Stop saying mobile web apps are slow
This morning I came across a post by Drew Crawford entitled “Why mobile web apps are slow.” It’s an interesting read, with some good information included. But what struck me is that the article content doesn’t really address the topic of the title.
2) ARM is slower than x86. Drew says “10 times slower.”
First, I’d like to address those points. Then I’ll dive into my thoughts on performance of mobile web apps.
How much slower is it today?
Another factor is what you’re doing. A lot of JS operations already execute at near-native speeds on a good JIT engine (so, not in an iOS app). If you don’t do many allocations, you may never feel the impact of garbage collection. On the other hand, if you’re constantly creating new objects instead of reusing from an object pool, you may hit them frequently and performance will certainly be affected.
That said, is five times slower a reasonable approximation? Sure, why not. I think it’s wrong for a lot of cases, but I’m reasonably okay going with that for the purposes of this discussion.
Is ARM really 10 times slower than x86?
Of course not, but this is the wrong question.

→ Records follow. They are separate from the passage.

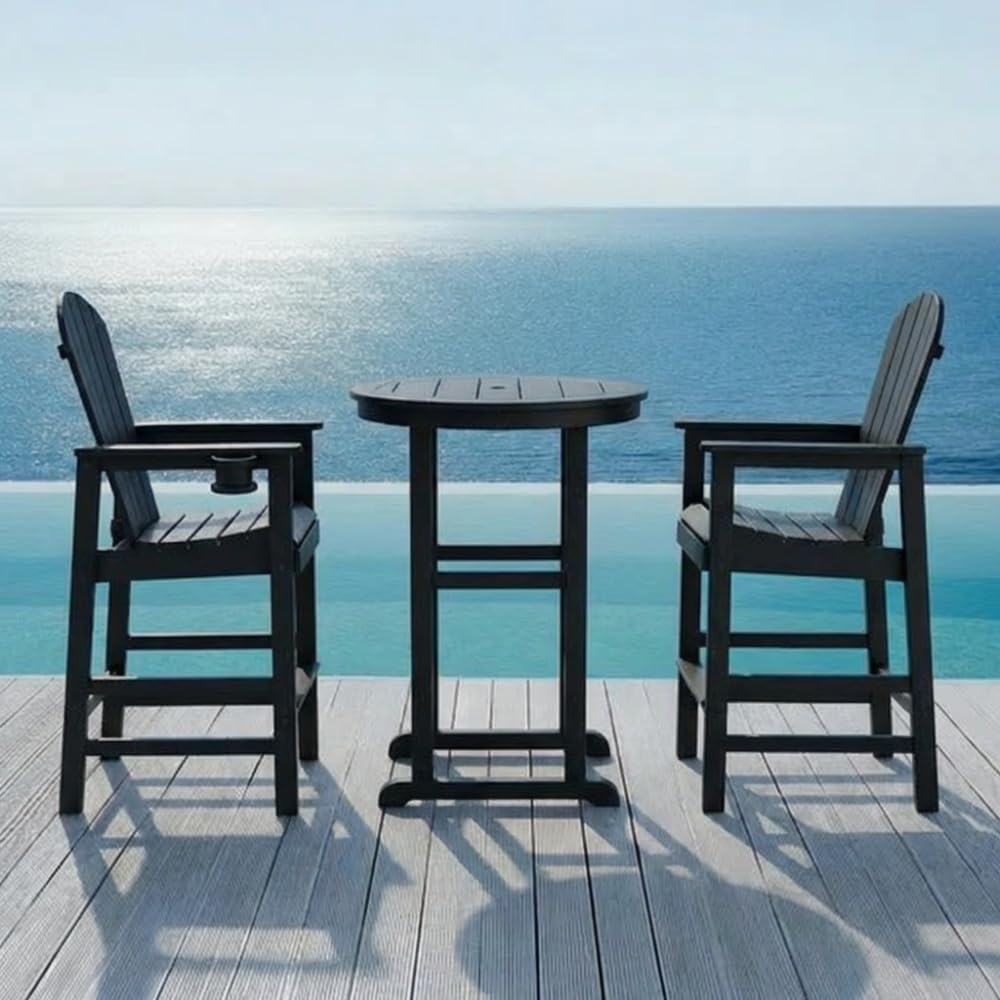 Bar Height Bistro Set with Round Pub Table and 2 Stools for Indoor Outdoor Use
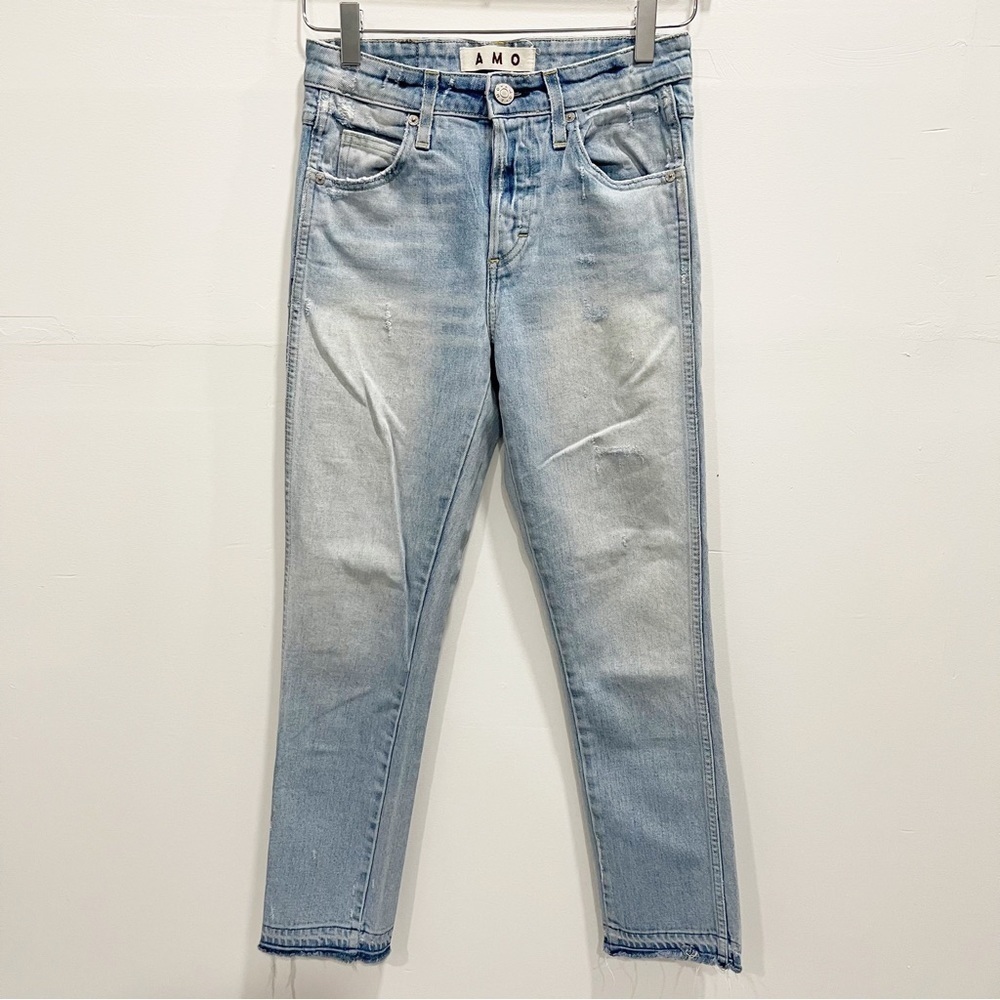 Amo Cotton Blend Babe Jeans in Sweet Cheeks Wash Released Hem Size 26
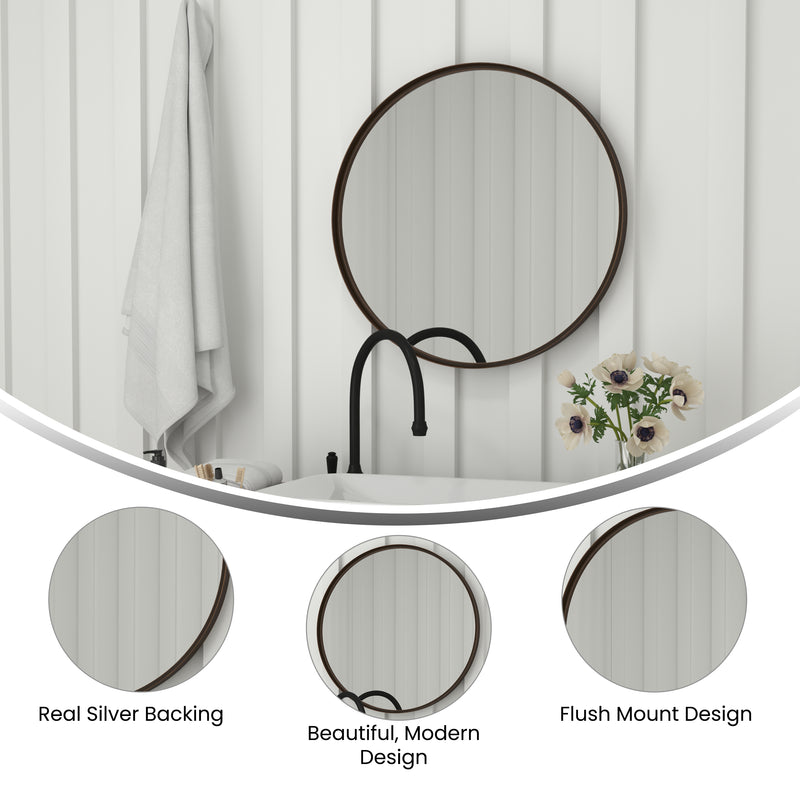 Monaco 27.5" Round Accent Wall Mirror in Bronze with Metal Frame for Bathroom, Vanity, Entryway, Dining Room, & Living Room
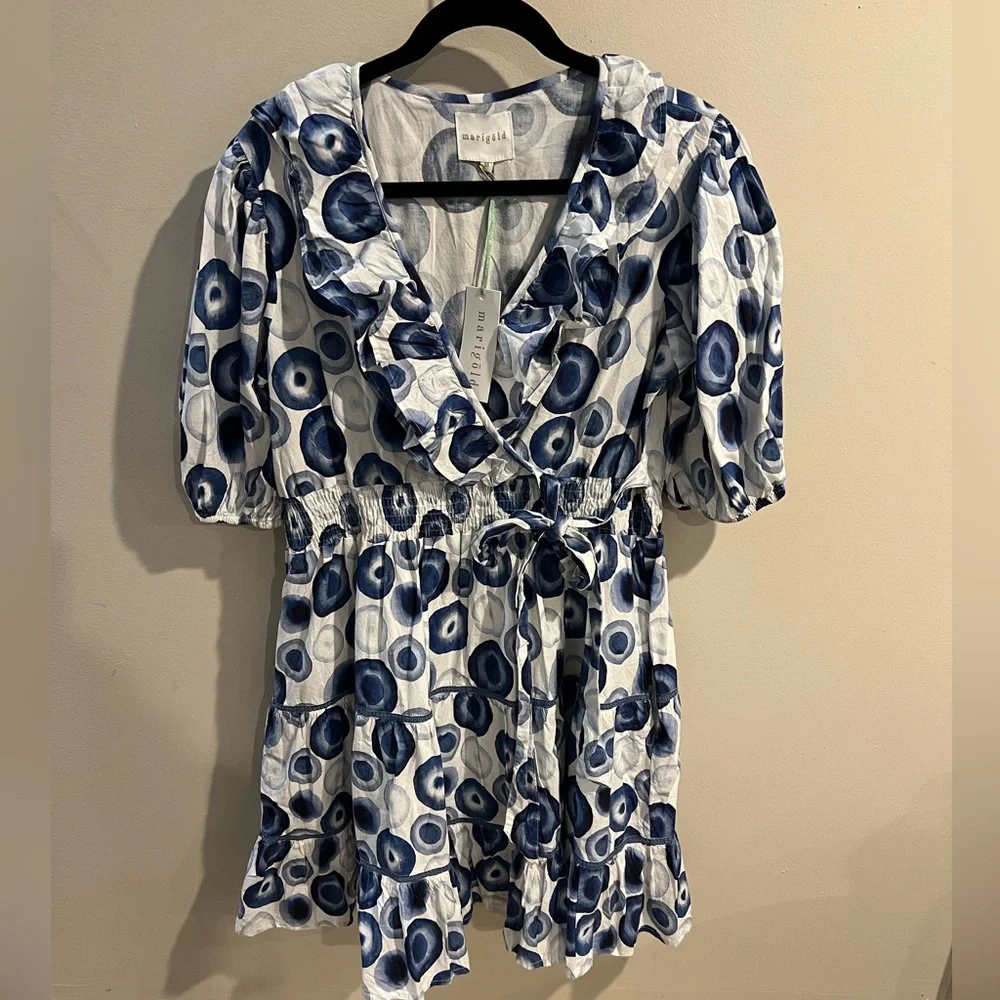 NWOT Marigold Blue and White Patterned Wrap Dress - Picture 3 of 10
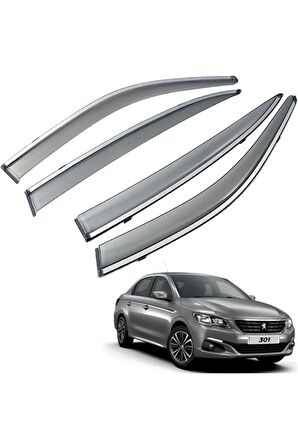 Peugeot 301 Mügen Cam Rüzgarlığı Kromlu Rüzgarlık ( Paslanmaz Kromlu ) 2012 Sonrası FÜME RENK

How about: Is the sort of mobile chip you find in a tablet or smartphone 10 times slower than the sort of chip you find in an Ultrabook? Perhaps.
ARM chip speeds vary hugely. They’re also affected by the type of workload you give them in drastically different ways from the Core i5 in the Surface Pro I’m typing this on. For example, the Tegra 3 in the Surface RT is a quad core chip and runs at roughly 1.3Ghz. Sort of. It can’t actually run four cores at that speed for very long, because it has a target power and thermal profile which won’t allow it. For short bursts it can use all that power, but for sustained work the actual operating frequency and number of active cores is constantly being throttled to allow the thing to run all day and not require a fan.
But the same is true of an Atom SoC. In fact, a lot of the learning that Intel has been doing lately has been along those lines. That is, building chips that can scale their power usage and thermal output a greal deal and very, very quickly. This is how you get the most bang for your buck (/watt/degree) in the mobile world.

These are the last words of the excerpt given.